Cray swings to a profit in second quarter
Raises guidance for 2009
Here's something that you don't hear much these days: an IT company doing better in its second quarter, raising guidance for 2009 and looking ahead enthusiastically to 2010.
But that is the story over at supercomputer maker Cray. The company announced its financial results for the quarter ended June 30, and sales were up 34.3 per cent to $62.7m.
Product sales - mostly high-end supercomputers with a smattering of midrange and entry machines and storage - were up 28.2 per cent to $42.1m in the quarter, while services sales rocketed up by 48.7 per cent to $20.6m. The company swung into the black, posting net income of $3.4m, much better than the $6.4m loss it had a year ago.
For the six months, Cray's overall sales came to $137.2m, up 88.3 per cent, and the company only posted a $1.5m loss compared to an $18.4m loss in the first six months of 2008. The company ended the second quarter with $67m in cash and equivalents and no debts.
You might be thinking that Cray did what hardware and software makers usually do whenever there is a recession in order to boost their sales and try to maintain earnings: jack up support prices. Cray may have boosted its support prices (companies rarely admit this, and Cray did not discuss it, either), but the top brass at Cray attributed the increase in services revenues in the second quarter from a custom engineering business that it started last year that is growing a lot faster than Cray overall, and indeed, faster than the supercomputer market overall.

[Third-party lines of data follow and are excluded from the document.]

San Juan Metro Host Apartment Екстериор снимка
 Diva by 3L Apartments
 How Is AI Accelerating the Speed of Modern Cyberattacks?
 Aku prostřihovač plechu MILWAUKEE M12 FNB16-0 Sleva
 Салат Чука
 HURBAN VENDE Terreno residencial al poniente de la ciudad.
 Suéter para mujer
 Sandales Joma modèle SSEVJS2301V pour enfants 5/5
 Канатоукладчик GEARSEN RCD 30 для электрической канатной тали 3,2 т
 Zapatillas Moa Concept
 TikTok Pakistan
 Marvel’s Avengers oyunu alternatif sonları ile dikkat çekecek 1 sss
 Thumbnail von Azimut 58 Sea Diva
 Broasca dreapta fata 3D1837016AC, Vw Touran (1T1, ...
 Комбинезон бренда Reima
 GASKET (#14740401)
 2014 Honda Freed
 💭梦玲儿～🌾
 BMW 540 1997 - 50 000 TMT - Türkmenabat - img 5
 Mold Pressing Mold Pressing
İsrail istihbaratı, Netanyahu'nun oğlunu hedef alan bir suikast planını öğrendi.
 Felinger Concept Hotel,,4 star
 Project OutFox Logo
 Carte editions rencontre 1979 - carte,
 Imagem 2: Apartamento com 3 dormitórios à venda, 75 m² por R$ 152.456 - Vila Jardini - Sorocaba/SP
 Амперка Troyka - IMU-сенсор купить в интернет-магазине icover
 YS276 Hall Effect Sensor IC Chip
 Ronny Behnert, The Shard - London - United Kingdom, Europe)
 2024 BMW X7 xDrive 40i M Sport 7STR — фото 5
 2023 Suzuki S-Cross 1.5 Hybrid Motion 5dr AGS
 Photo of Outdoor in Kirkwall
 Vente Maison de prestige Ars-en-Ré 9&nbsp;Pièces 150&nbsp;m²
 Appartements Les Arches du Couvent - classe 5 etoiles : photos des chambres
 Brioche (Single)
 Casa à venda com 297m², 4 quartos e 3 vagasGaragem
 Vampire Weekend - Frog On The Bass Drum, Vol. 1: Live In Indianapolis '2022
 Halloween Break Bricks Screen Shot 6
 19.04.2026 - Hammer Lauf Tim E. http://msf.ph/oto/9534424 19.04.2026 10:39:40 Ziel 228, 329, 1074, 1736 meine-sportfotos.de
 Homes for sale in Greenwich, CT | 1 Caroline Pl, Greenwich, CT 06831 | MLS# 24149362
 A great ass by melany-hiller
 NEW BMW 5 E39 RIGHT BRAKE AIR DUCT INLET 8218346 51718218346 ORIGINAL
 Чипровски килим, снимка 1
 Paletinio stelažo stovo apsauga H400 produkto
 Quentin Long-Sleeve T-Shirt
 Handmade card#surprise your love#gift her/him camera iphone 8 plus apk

With the custom engineering service, Cray takes some of the technologies that it has deployed in its XMT and XT5 product lines and designs and builds special-purpose supers for customers, or grafts some of its technologies, such as its Ecophlex cooling technology, onto other hardware platforms.
In a conference call with Wall Street analysts ahead of the market open this morning, Peter Ungaro, president and chief executive officer at Cray (and the former top supercomputing exec at rival IBM) said that the custom engineering business had well under $10m in sales in 2008, and was on track to have over $30m in sales in 2009.
In this quarter, in fact, Cray landed its biggest custom engineering deal, a $20m contract with an unknown customer, most likely a big government agency of the Uncle Sam. Cray is also doing custom storage design, deployments and software work as part of the custom engineering effort. The company has high hopes for this business as it looks ahead to the rest of the year and beyond.
"It is a little too early to call 2010, but I feel good about the pace we are on with the custom engineering business," Ungaro said in the call.
Also helping in the quarter were two big contracts that sloshed over from the first quarter. Brian Henry, Cray's chief financial officer, said that these contracts had relatively small costs associated with them because the work to build the machines was done in earlier quarters. The HPC market has always been choppy that way. This much, at least, has not changed in more than three decades at Cray, while nearly everything else about the company has.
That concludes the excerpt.